KATE: If anyone’s listening to this right now who follows me, knows me, you know like I am such a big fan of retention and, and not like needless retention for the sake of it. But like people are coming to you for results, they want something. So like the better you can get those results the better you’re gonna do, the more referrals you’re gonna get. And usually that doesn’t happen in one visit. So obviously we need to be retaining and seeing repeat clients. And I analyze a lot of numbers. I analyze all my clients’ data. So it’s been like hundreds of practitioners over the years and the biggest, biggest chunk of that pie is always going to be your current clients, your past patients, it’s going to be your sort of current patient base. And the beauty of this is the time involved to retain them is very, very, very small. It’s very small. And actually I’m coming up to doing a masterclass soon, basically revealing sort of the behind the scenes of our own clinic strategy and retention is a big part of it. So I know our numbers and I was running them recently, and for us, I think 75% give or take of our total bookings are repeats, revisits in some way. And two thirds of those on average, we rebook in-clinic. So before they leave, they’re rebooked for their next one, even if it’s three months from now, they’re re-booked two-thirds of the time on average. So that totals 50% of our practice’s bookings. So I actually think one of the highest impact skills for you to master as a manual therapist or one-on-one like in-person clinician is re-booking people in-clinic. If you can rebook people in your appointments. It requires no additional time and it can account for 50% or more of your total bookings. And I know it’s a skill that some people have no trouble with, but I see it as a skill that a lot of practitioners really struggle with. Because it’s nerve-racking. It can be a bit scary to recommend people to come back in.

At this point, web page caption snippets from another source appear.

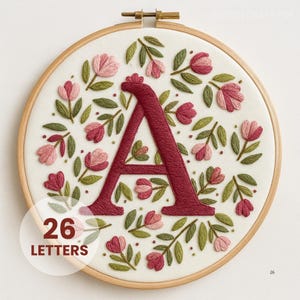 Peut inclure: Broderie d'un lettrage "A" bordeaux, entouré de motifs floraux roses et rouges avec des feuilles vertes, dans un cercle à broder en bois. Le texte "26 LETTERS" est dans un cercle blanc en bas à gauche.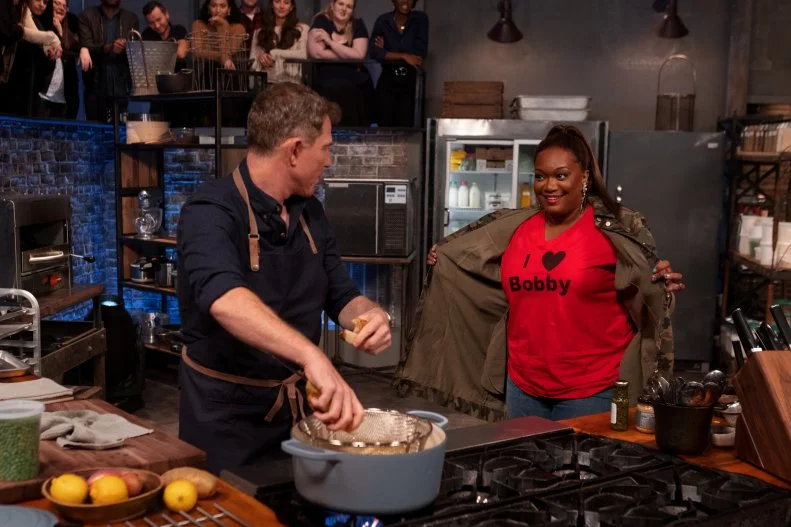 Co-host Sunny Anderson shows Bobby Flay an “I Love Bobby” t-shirt beneath her jacket as he cooks during round two, as seen on Beat Bobby Flay, Season 30.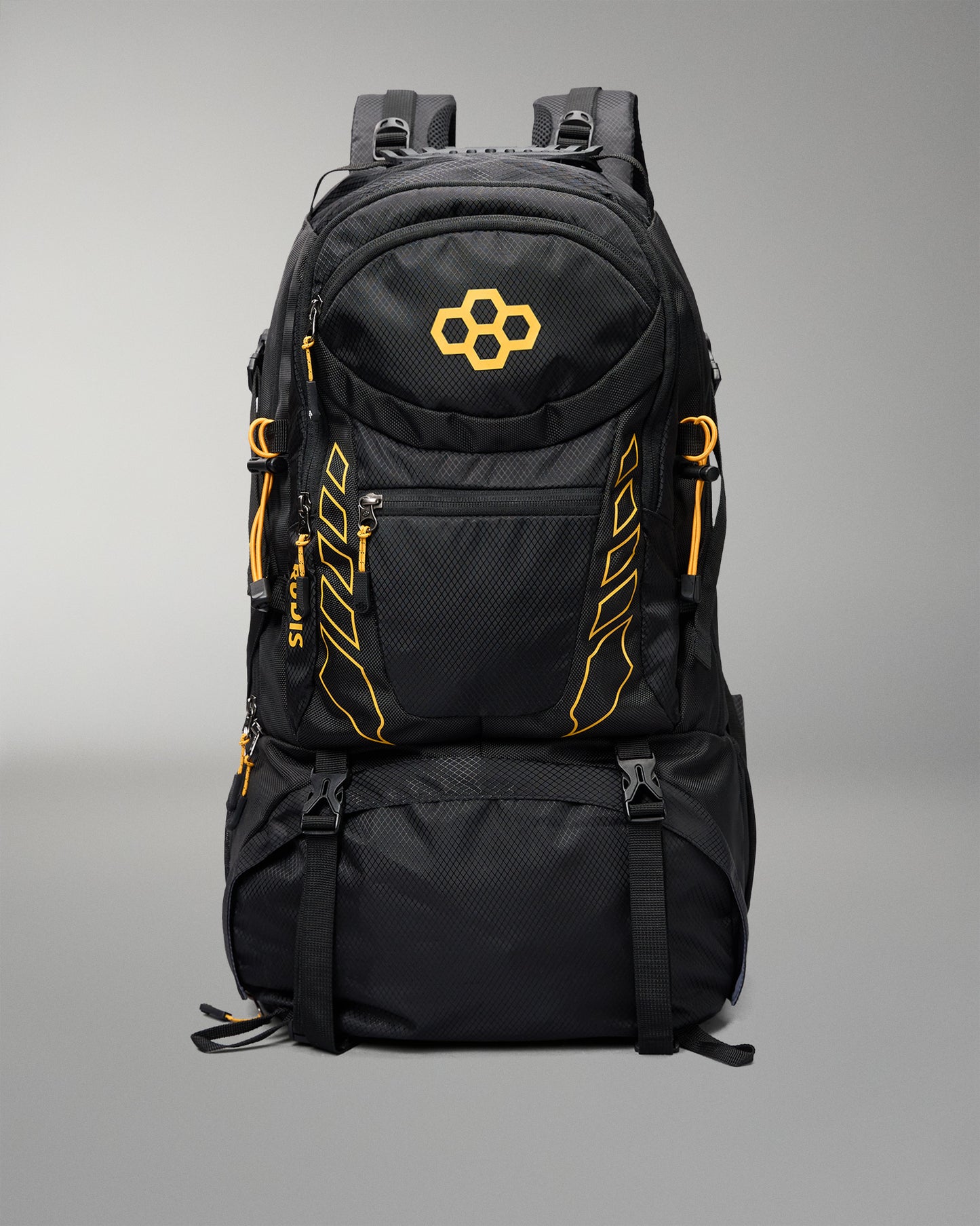 A black technical backpack with bright orange accents, including a geometric logo on the front pocket and vertical branding details, shown against a neutral gray background.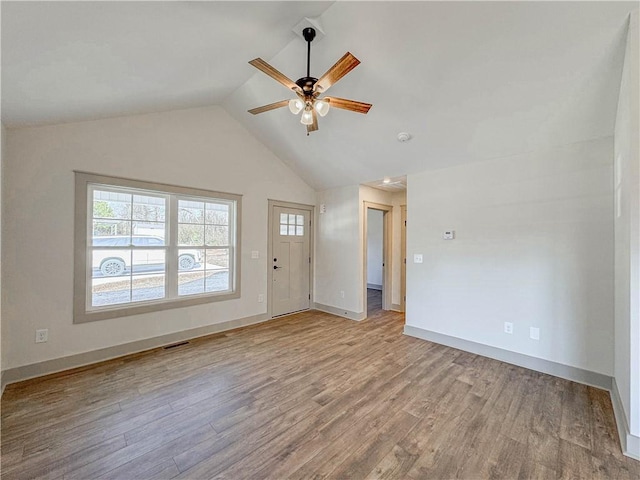 600 S Stribling St, Seneca, SC 29678 - unfurnished living room featuring lofted ceiling, ceiling fan, and light wood-type flooring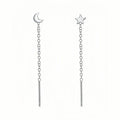 Sterling silver ear string with assorted small geometric and pearl charms on an alloy ear wire.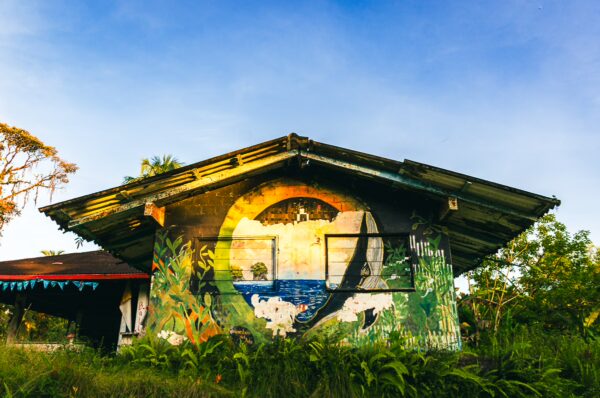 Vibrant mural on a rustic building surrounded by lush greenery in Ladrilleros, Valle del Cauca, Colombia.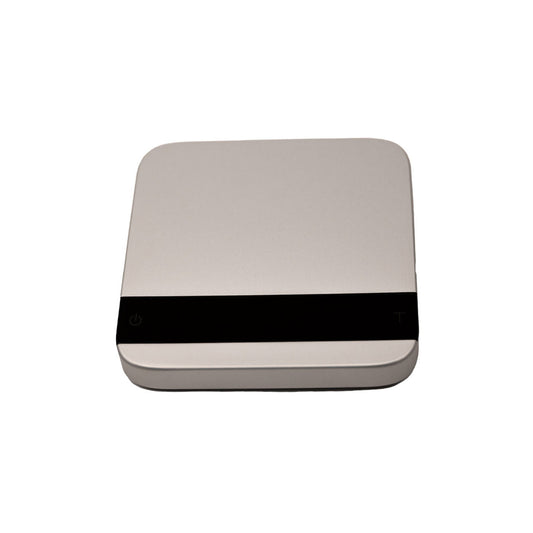 Square beige device with a black band on a white background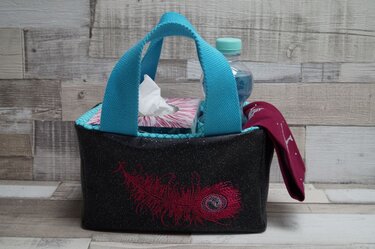 Rechteckiger Stoff-Organizer mit türkisfarbenen Henkeln und roter Federstickerei, auf Holzablage platziert.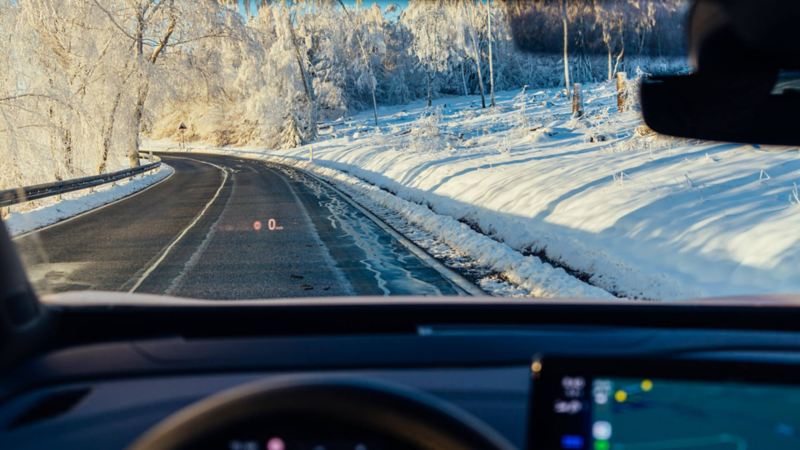 Vue sur la route enneigée depuis le tableau de bord d'une Volkswagen.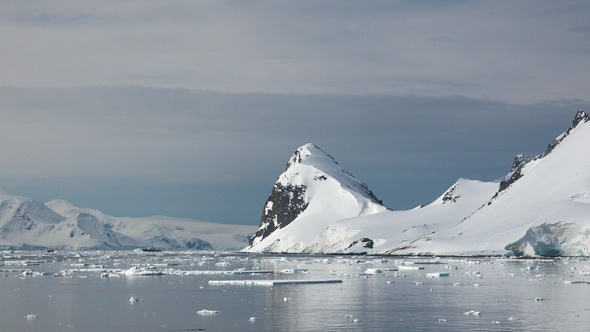 Antarctica. Sea mountains and large icebergs reflecting in the water. Fantastic wonderful amazing.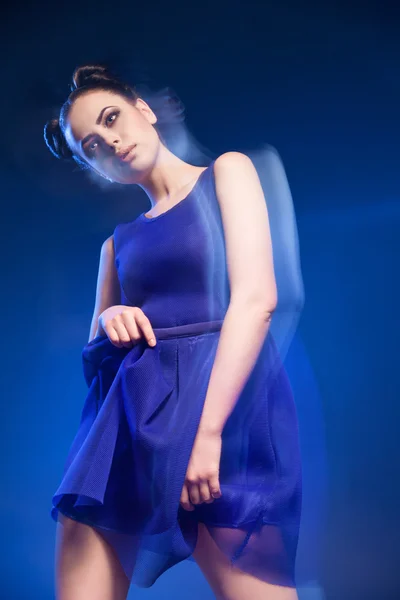 Attractive young woman in blue dress with hairstyle and make-up — Stock Photo, Image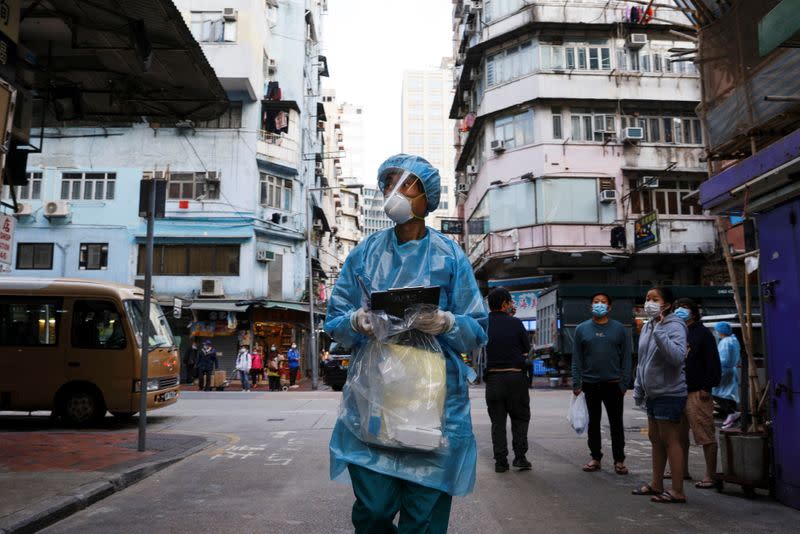A medical worker in a protective suit walks near the residential area, in Hong Kong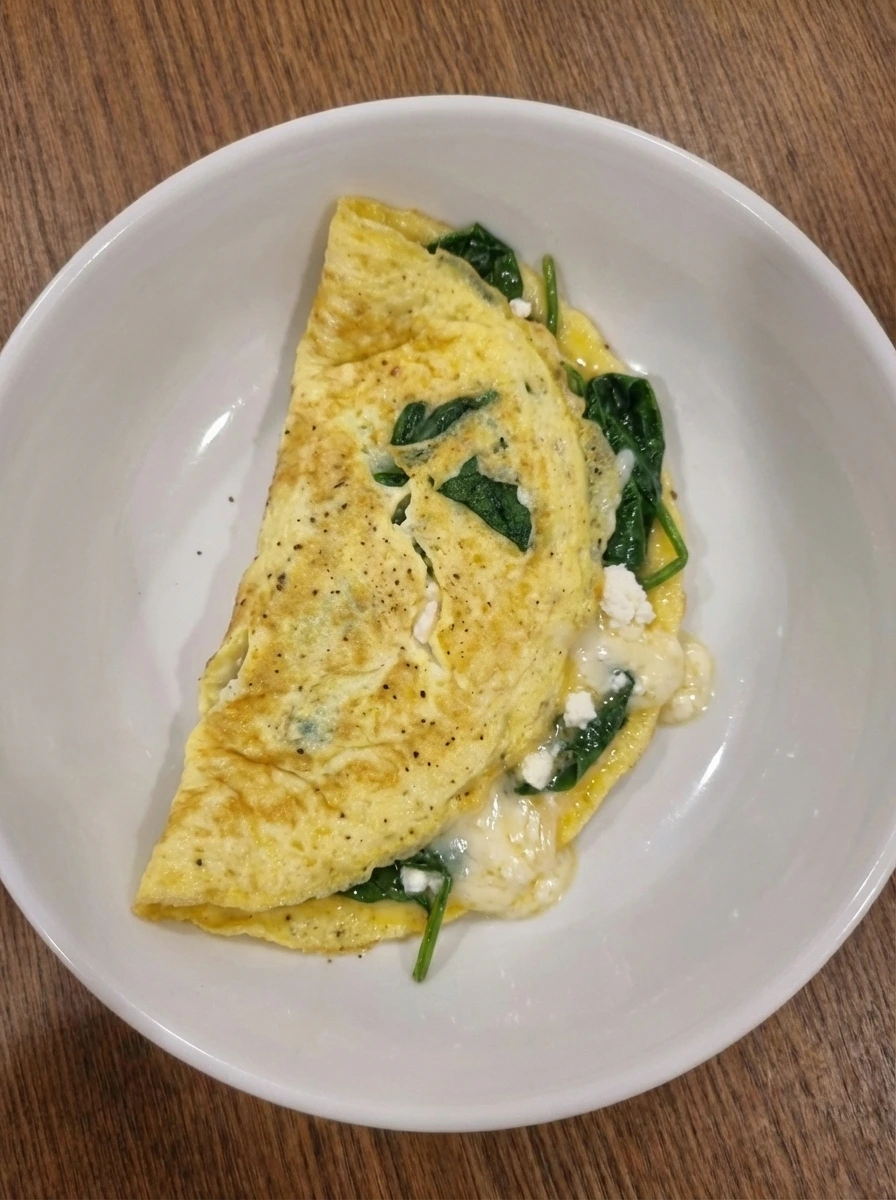 Folded Spinach Cheese Omelette with cheese starting to melt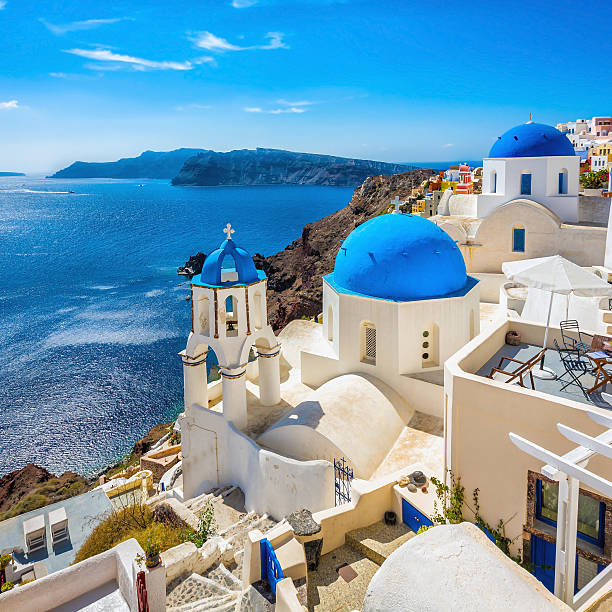 blue dome kirchen von santorin, griechenland - hat oia europe vacations stock-fotos und bilder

EMPOWERING YOUR CLIENTS TO GET THE CARE THEY NEED WITH A FEW SIMPLE PHRASES

DR. DANIELLE: Absolutely. There was another post that you had shared, it’s a little bit further back on Instagram, and you had talked about, it was like, we typically say this, but instead of saying it this way, say it this way. And I love this post literally with the hearts on it. So an example here was, “You can reschedule in two weeks if you feel like you need another appointment.” And instead of saying that, and then just kind of like walking away, there’s an alternative option that you’ve given here and says, “I’d like to see you again in two weeks, does the 17th or 18th work better for you?” Like you’ve just given me a choice essentially to schedule that next appointment. It’s really simple.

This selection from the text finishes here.